Policy makers left the one-week auction rate at 11 percent, the Bank of Russia said in a statement on Friday. Twenty of 39 economists predicted a cut to 10.5 percent, with the other 19 forecasting unchanged rates, the first time since the surveys started in October 2013 that opinions have been so divided.
“Inflation expectations, though having decreased as compared with September,
remain elevated,” the central bank said in its statement.
The ruble strengthened 1 percent to 63.7810 against the dollar as of 5:27 p.m. in Moscow. Even with a rebound since the last rate decision, the ruble has lost almost 35 percent against the dollar in the past 12 months, the world’s sixth-worst performance. Its three-month implied volatility, a measure of exchange-rate swings, is the highest globally, according to data compiled by Bloomberg.

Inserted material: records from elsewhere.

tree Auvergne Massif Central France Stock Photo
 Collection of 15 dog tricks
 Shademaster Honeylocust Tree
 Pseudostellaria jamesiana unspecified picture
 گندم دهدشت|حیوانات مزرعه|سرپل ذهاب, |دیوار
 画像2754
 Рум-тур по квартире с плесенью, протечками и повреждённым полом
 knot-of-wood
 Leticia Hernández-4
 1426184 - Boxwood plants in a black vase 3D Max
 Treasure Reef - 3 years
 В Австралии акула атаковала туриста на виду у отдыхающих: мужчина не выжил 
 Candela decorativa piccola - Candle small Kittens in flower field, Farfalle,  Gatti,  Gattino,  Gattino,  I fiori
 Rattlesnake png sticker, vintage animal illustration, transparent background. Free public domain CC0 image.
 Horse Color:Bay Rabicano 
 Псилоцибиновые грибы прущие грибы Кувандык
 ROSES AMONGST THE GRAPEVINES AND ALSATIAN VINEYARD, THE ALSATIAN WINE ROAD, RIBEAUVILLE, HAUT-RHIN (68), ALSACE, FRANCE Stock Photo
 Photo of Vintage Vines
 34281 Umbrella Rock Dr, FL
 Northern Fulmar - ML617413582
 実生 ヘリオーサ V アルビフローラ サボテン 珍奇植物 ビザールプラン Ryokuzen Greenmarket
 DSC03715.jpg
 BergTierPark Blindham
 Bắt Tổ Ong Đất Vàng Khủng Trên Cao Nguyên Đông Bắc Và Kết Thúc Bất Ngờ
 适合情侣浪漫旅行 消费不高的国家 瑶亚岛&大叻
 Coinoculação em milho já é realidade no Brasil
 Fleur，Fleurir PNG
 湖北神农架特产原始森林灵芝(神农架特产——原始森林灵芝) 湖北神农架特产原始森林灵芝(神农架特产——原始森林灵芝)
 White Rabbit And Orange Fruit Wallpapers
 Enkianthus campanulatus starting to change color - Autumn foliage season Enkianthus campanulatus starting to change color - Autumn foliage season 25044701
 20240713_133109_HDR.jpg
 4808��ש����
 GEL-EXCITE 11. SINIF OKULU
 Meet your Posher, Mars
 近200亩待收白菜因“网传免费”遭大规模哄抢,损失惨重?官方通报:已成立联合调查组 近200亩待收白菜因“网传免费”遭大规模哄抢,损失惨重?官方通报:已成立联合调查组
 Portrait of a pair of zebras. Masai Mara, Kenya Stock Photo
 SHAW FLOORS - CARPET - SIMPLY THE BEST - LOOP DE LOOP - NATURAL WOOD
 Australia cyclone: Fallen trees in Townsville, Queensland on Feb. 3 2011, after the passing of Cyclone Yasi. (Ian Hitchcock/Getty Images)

Inflation slowed to 15.6 percent as of Oct. 26 from a 13-year high of 16.9 percent in March, according to the central bank. The rate will fall to less then 7 percent next October and will reach the 4 percent target of policy makers in 2017, it said. The consumer-price index will fall to 12.9 percent by the end of the year and to 7.3 percent at end-2016, according to a Bloomberg survey of economists.
“The central bank is concerned over inflation expectations and isn’t rushing to cut rates as inflation is still far from its target,” Vladimir Bragin, head of research at Alfa Capital in Moscow, said by e-mail. “The question isn’t whether the central bank will cut the rate or not, it’s about when it will happen.”
The Bank of Russia has cut the rate by a cumulative 6 percentage points after it raised the benchmark to 17 percent last December to ward off the worst ruble crisis since 1998.
The key rate will be at 10.5 percent by the end of the year, according to the median forecast of 27 economists in a Bloomberg survey. Forward-rate agreements are also signaling 50 basis points, or 0.5 percentage point, of cuts in the next three months, according to data compiled by Bloomberg.
The risk at the next rate meeting on Dec. 11 is “an on-hold decision, due to the potential foreign-currency market pressure related to oil volatility and the Fed decision in December,” Alina Slyusarchuk, an analyst at Morgan Stanley, wrote in an e-mailed note.
The key rate may be near the level of inflation in two years if price growth eases to policy makers’ 4 percent target in 2017, Nabiullina said in an interview Oct. 13.
“Moderately tight monetary policy and weak domestic demand, driven by the low growth of the nominal income of the population help constrain the growth of consumer prices,” the bank said in the statement.